→ Records provided
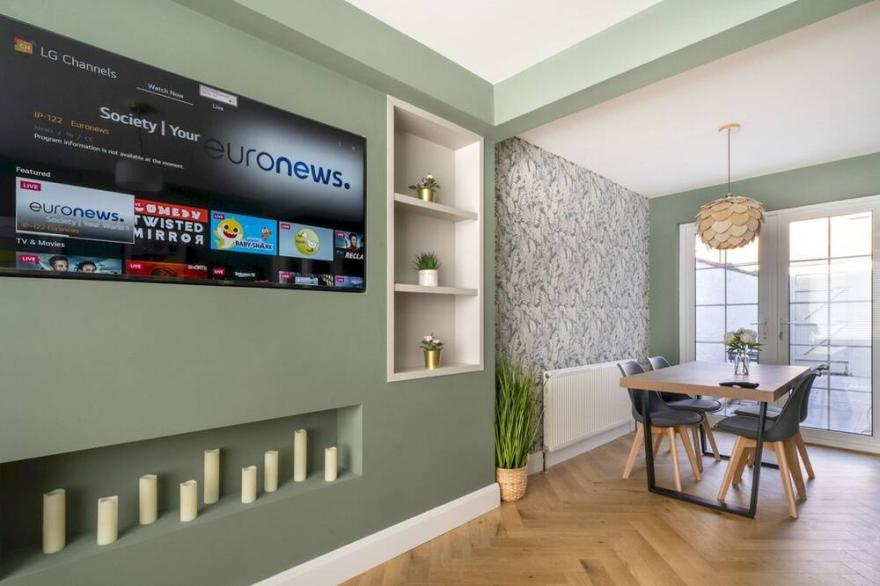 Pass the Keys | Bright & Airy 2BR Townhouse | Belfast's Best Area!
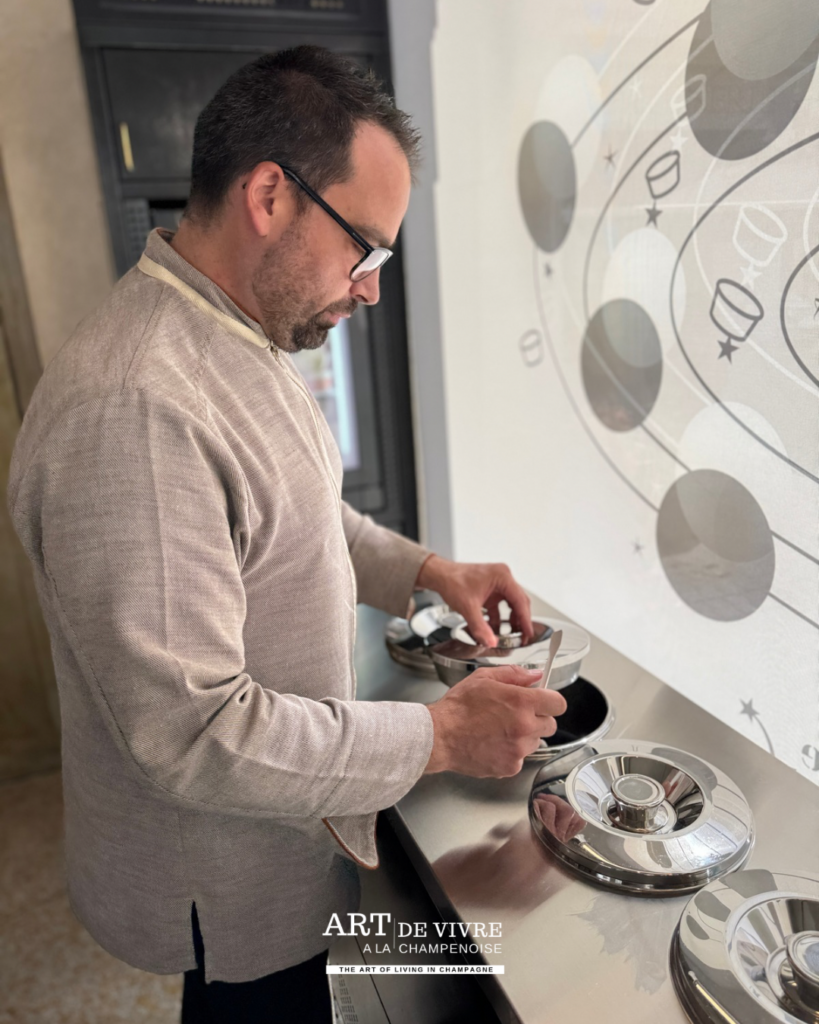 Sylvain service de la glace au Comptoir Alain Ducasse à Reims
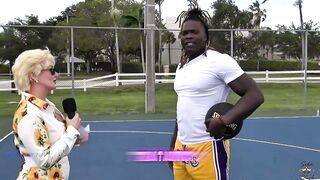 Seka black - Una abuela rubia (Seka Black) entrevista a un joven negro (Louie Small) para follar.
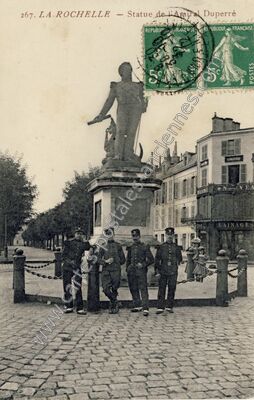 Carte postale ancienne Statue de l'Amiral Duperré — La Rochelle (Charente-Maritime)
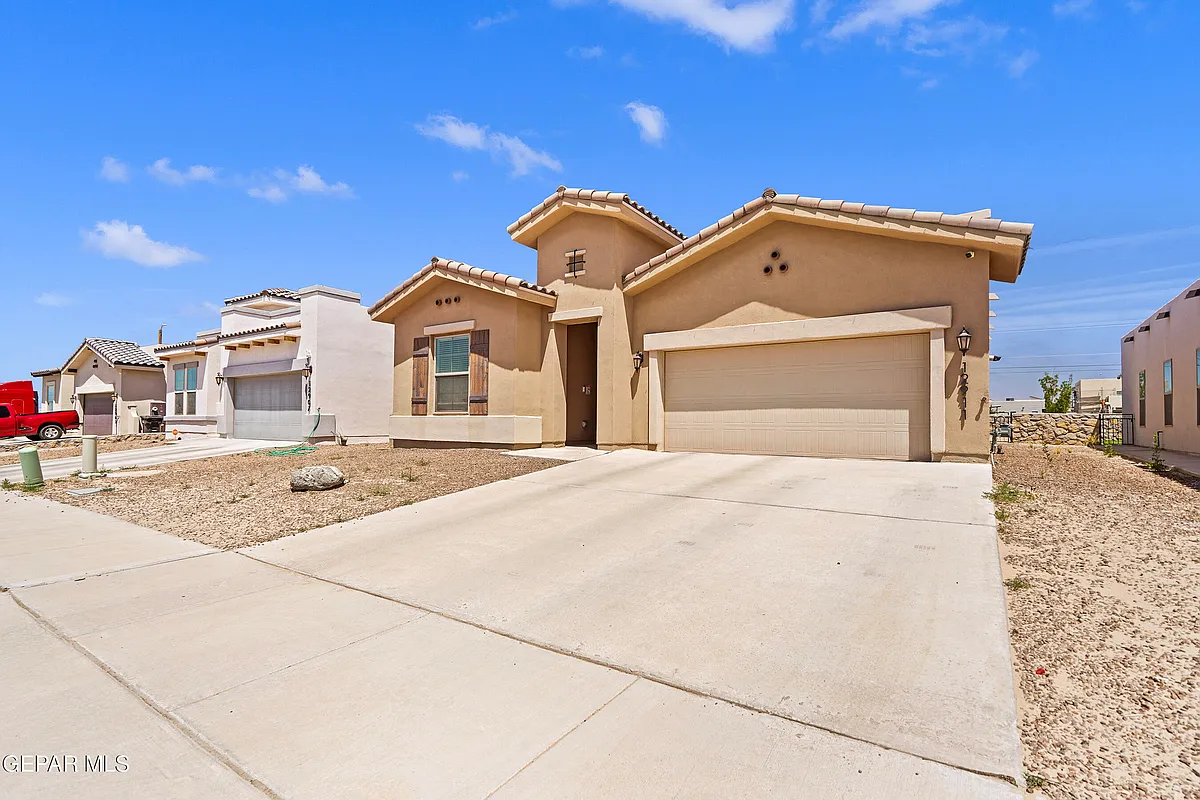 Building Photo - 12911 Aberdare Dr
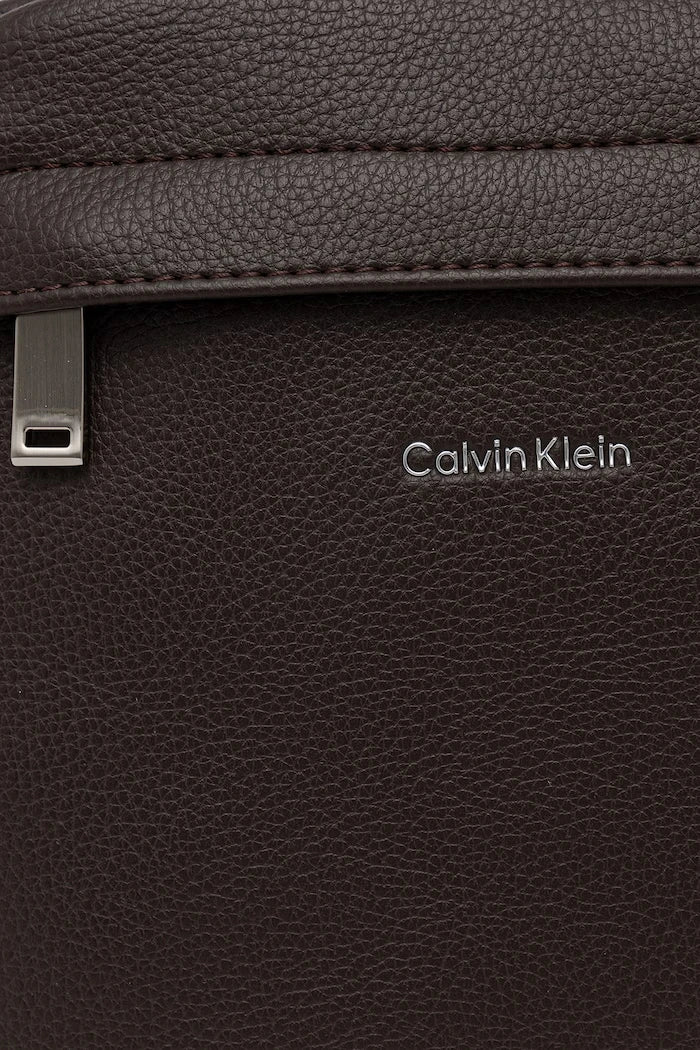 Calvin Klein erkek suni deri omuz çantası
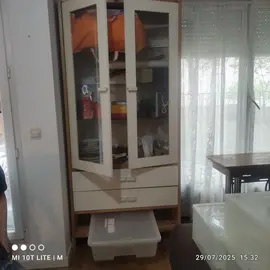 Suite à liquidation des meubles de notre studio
...
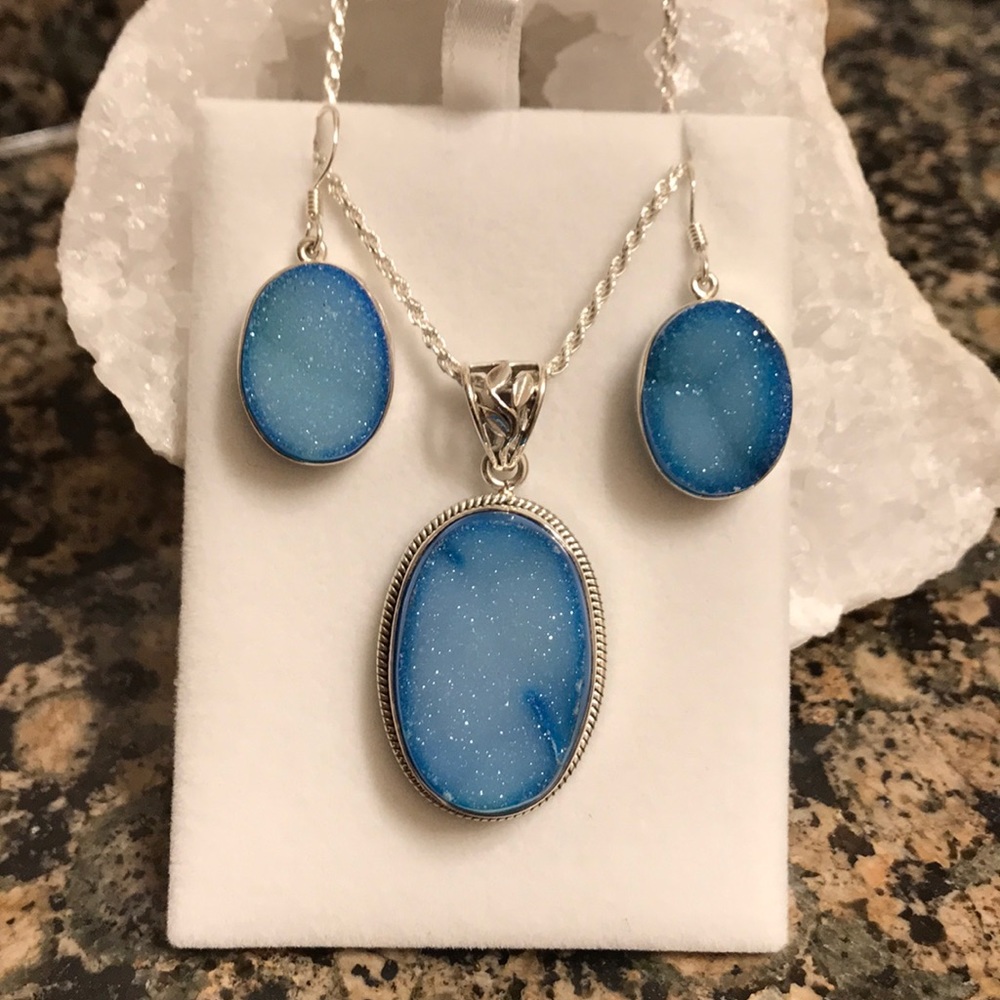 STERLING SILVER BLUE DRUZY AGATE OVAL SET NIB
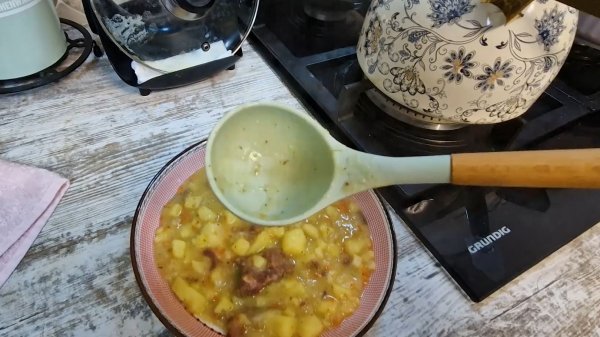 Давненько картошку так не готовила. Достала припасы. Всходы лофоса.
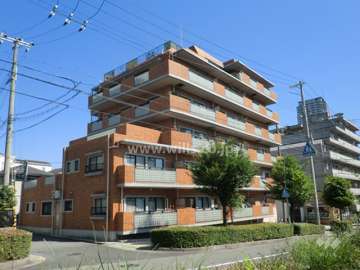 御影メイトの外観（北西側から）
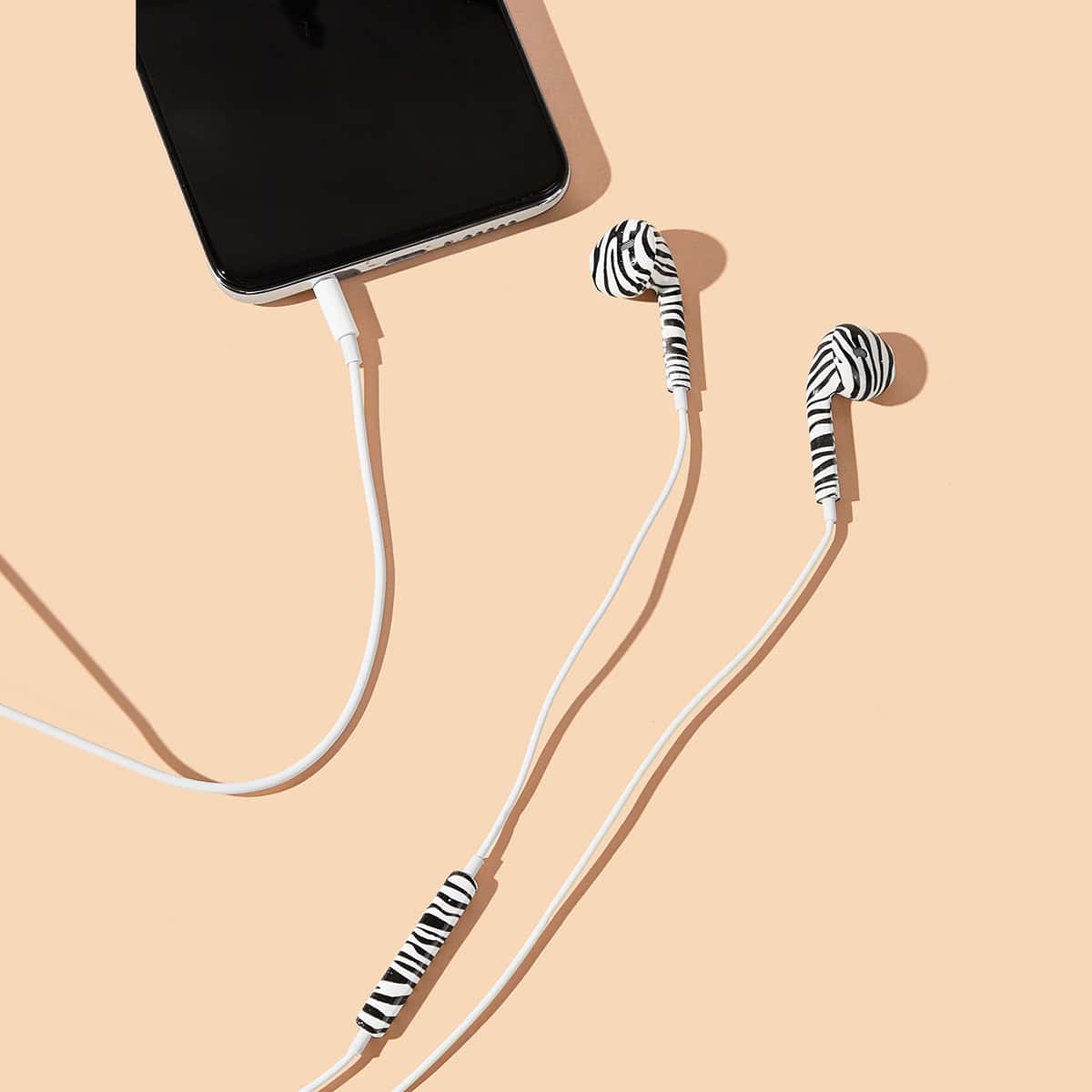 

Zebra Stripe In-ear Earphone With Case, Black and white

→ Description of the task
From the material above, give again exactly the lines from the one that contains "Carte postale ancienne" through the one that contains "Suite à liquidation", and leave out the pictures.

→ Result
 Carte postale ancienne Statue de l'Amiral Duperré — La Rochelle (Charente-Maritime)
 Building Photo - 12911 Aberdare Dr
 Calvin Klein erkek suni deri omuz çantası
 Suite à liquidation des meubles de notre studio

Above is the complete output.